L’attaque a eu lieu à Djeddah, dans le cimetière non musulman. Plusieurs blessés sont à déplorer, selon le Quai d’Orsay, qui n’a pas communiqué de bilan officiel.

Le 29 octobre dernier, un vigile du consulat français à Djeddah, en Arabie saoudite, avait été blessé au couteau par un assaillant, qui avait été maîtrisé. C’est de nouveau dans cette ville qu’un attentat a eu lieu lors des commémorations du 11 Novembre. Plusieurs personnes ont été blessées dans un attentat à l’explosif mercredi au cimetière non musulman de Djeddah, ville de l’ouest de l’Arabie saoudite, lors d’une cérémonie commémorant l’armistice du 11 novembre 1918, a annoncé le ministère français des Affaires étrangères.

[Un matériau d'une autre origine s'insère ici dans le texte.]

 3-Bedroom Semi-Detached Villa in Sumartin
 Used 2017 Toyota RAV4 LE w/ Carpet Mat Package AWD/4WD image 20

« La cérémonie annuelle commémorant la fin de la Première Guerre mondiale au cimetière non musulman de Djeddah, associant plusieurs consulats généraux dont le consulat de France, a été la cible d’une attaque à l’engin explosif ce matin, qui a causé plusieurs blessés », a indiqué le Quai d’Orsay, sans plus de précisions sur l’identité et la nationalité des victimes. « La France condamne fermement ce lâche attentat que rien ne saurait justifier », a ajouté la diplomatie française.

Colère après les propos d’Emmanuel Macron

Plusieurs pays, dont la France et la Belgique, célèbrent mercredi le 102e anniversaire de l’armistice conclu entre l’Allemagne et les Alliés, qui marqua la fin de la Première Guerre mondiale. Des propos du président français Emmanuel Macron sur le droit à la caricature au nom de la liberté d’expression ont déclenché la colère au Moyen-Orient, et plus largement dans le monde musulman. Emmanuel Macron avait promis de ne pas « renoncer aux caricatures » lors d’un hommage national au professeur Samuel Paty, décapité par un islamiste le 16 octobre pour avoir montré des caricatures du prophète Mahomet dans un cours sur la liberté d’expression.

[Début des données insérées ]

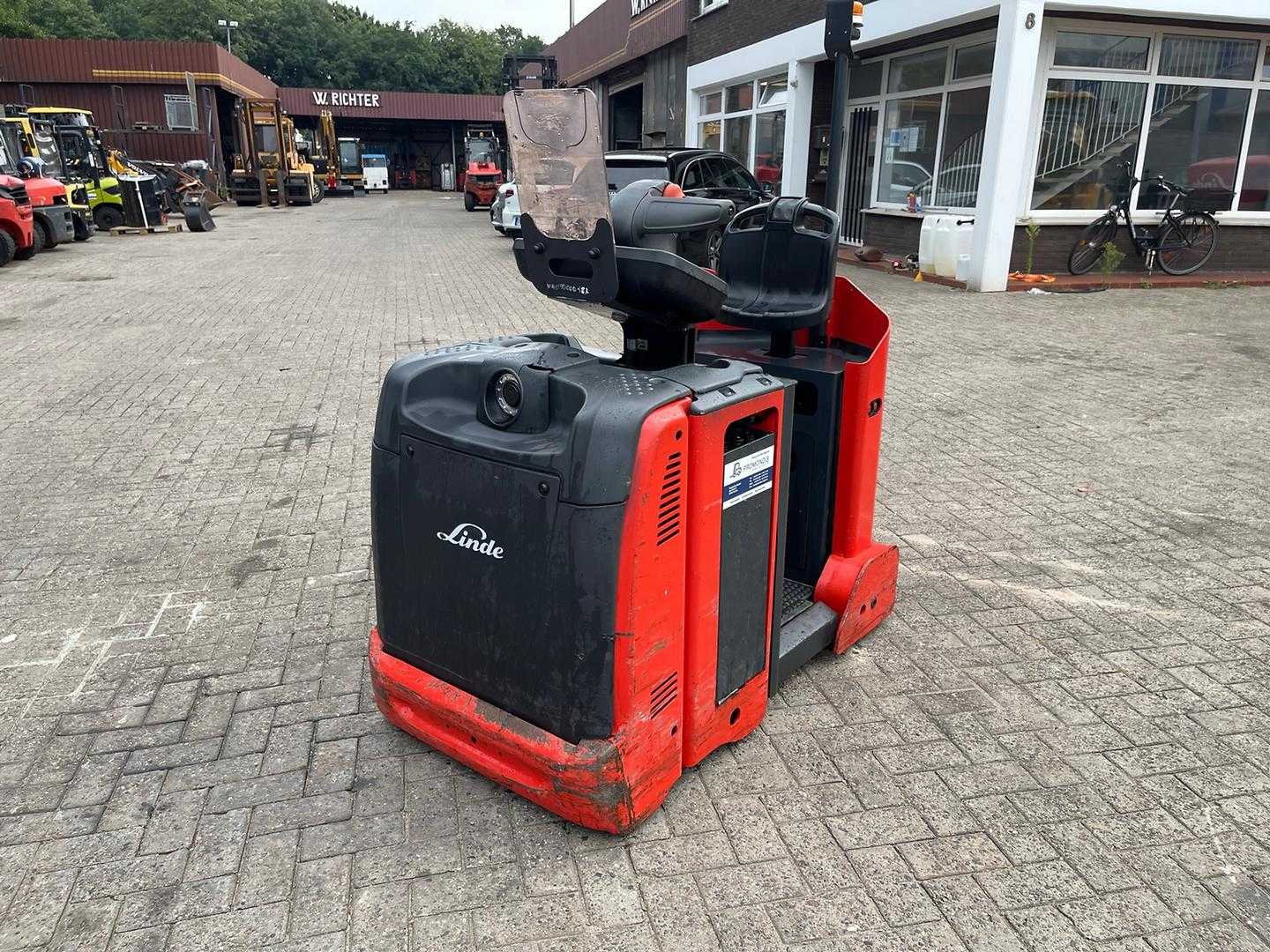 Used Forklift Linde P 30 C Vilkikas (Image 1) Used Forklift Linde P 30 C Vilkikas (Image 1)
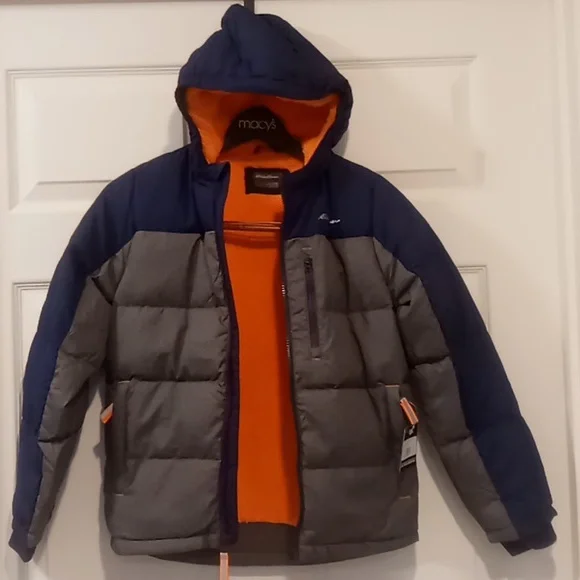 Eddie Bauer Boys' Classic Down Hooded Jacket NWT Sizes Small & Medium - Picture 2 of 5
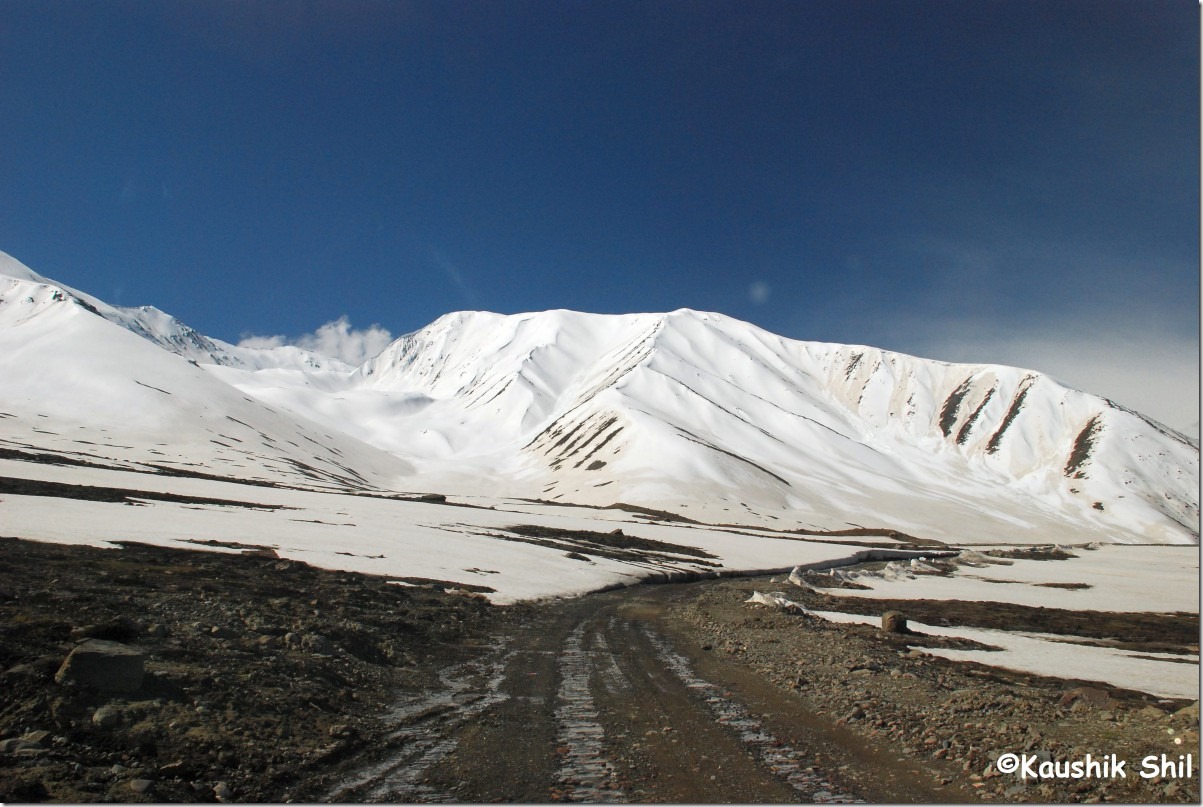 30034_Approaching Kunzum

Dans certains pays à majorité musulmane, des fidèles ont réagi avec colère aux propos d’Emmanuel Macron, dont des portraits ont été brûlés lors de manifestations, et une campagne a été lancée pour boycotter les produits français. Le président français a tenté d’apaiser la colère qui monte dans le monde musulman en assurant comprendre, dans un entretien à la chaîne Al-Jazira, que des musulmans puissent être « choqués » par les caricatures de Mahomet, tout en dénonçant les « manipulations » et « la violence ».

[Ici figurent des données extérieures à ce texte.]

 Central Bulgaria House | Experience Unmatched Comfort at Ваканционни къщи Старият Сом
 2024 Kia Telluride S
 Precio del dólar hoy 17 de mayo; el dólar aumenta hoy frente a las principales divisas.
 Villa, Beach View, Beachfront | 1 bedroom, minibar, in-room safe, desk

La France, l’Autriche, l’Allemagne et l’Union européenne (UE) ont tenu un mini-sommet par visioconférence mardi pour tenter de muscler la réponse européenne au terrorisme, après les derniers attentats en France et à Vienne. Le royaume saoudien, critiqué pour sa promotion d’un islam rigoriste, le wahhabisme, tente pour sa part de se présenter sous un nouveau jour, avec des réformes sociales libérales entreprises ces dernières années sous l’impulsion de Mohammed ben Salmane, qui a dans le même temps accentué la répression des voix dissidentes depuis son accession au statut de prince héritier en 2017.